Let \(D\) be the divided power envelope; it is the smallest subring of \(R \otimes_{\ZZ} \QQ\) containing \(R\) and \(\gamma_n(\delta^m(x))\) for all \(m \geq 0\text{,}\) \(n \geq 1\text{.}\) The maximal ideal on which \(D\) admits divided powers includes \(\delta^m(x)\) for all \(m \geq 0\) by construction, and hence also \(\phi(\delta^m(x)) = \delta^m(x)^p + p \delta^{m+1}(x)\) for all \(m \geq 0\text{;}\) consequently, for all \(m \geq 0\text{,}\) \(n \geq 1\text{,}\)
\begin{equation*}
\phi(\gamma_n(\delta^m(x))) = \gamma_n(\phi(\delta^m(x))) \in D.
\end{equation*}
Hence \(\phi\) induces an endomorphism of \(D\text{.}\)

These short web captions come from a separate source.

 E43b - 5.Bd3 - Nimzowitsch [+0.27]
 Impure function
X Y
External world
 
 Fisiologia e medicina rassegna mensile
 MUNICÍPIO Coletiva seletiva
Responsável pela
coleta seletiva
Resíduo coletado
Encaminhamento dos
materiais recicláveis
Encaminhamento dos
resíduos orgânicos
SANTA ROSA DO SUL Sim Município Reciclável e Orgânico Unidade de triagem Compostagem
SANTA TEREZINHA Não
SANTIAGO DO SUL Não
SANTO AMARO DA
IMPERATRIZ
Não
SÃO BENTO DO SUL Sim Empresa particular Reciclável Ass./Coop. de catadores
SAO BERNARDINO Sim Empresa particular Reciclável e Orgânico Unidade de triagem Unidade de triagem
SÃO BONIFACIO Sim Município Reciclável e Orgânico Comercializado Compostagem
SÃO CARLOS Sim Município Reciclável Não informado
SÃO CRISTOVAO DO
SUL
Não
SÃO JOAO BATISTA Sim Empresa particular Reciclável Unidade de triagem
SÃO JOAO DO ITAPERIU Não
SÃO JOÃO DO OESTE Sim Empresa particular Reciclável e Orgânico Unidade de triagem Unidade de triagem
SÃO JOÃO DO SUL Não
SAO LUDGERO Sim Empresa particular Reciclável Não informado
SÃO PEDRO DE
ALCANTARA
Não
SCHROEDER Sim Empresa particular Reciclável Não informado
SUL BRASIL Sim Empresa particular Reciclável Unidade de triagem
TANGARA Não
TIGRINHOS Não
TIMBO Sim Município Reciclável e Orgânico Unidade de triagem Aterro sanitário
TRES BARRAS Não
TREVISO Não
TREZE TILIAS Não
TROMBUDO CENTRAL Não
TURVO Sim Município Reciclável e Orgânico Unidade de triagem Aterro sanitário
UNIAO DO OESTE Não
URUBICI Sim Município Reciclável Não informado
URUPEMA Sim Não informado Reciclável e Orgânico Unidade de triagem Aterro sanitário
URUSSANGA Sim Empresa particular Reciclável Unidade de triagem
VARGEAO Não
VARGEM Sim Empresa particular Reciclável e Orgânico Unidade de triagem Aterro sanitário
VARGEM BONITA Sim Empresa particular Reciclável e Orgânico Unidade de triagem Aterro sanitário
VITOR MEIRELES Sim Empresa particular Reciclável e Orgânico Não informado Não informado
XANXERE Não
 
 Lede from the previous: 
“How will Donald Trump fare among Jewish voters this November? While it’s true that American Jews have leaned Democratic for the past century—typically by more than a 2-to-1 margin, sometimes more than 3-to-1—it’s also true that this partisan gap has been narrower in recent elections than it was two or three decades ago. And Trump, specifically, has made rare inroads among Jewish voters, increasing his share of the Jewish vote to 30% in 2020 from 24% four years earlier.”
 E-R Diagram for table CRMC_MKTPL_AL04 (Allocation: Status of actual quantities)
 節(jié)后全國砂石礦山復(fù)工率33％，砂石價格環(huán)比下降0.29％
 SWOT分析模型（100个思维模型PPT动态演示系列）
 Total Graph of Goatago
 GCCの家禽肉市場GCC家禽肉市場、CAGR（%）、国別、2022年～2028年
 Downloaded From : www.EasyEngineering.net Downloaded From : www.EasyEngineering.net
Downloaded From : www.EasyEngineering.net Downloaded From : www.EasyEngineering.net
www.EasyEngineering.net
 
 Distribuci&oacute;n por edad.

We next check that \(\phi\) induces a Frobenius lift on \(D\text{;}\) this amounts to checking that for all \(m \geq 0\text{,}\) \(n \geq 1\text{,}\)
\begin{equation*}
\phi(\gamma_n(\delta^m(x))) \equiv \gamma_n(\delta^m(x))^p \pmod{pD}.
\end{equation*}
We will see that in fact both sides are divisible by \(p\text{.}\) For \(\phi(\gamma_n(\delta^m(x))) = \gamma_n(\phi(\delta^m(x)))\text{,}\) this holds by writing
\begin{equation*}
\phi(\delta^m(x))) = p(\delta^m(x)^p/p) + p \delta^{m+1}(x) \in pD
\end{equation*}
and
\begin{equation*}
\phi(\gamma_n(\delta^m(x))) = \gamma_n(\phi(\delta^m(x))) = p^n \gamma_n(\phi(\delta^m(x))/p).
\end{equation*}
For
\(\gamma_n(\delta^m(x))^p\text{,}\) this holds by writing
\(\gamma_n(\delta^m(x))^p = p! \gamma_p(\gamma_n(\delta^m(x)))\) and applying
(14.4).
Since
\(D\) is
\(p\)-torsion-free, by
Lemma 2.1.3 we obtain a
\(\delta\)-structure compatible with
\(R\text{,}\) as desired.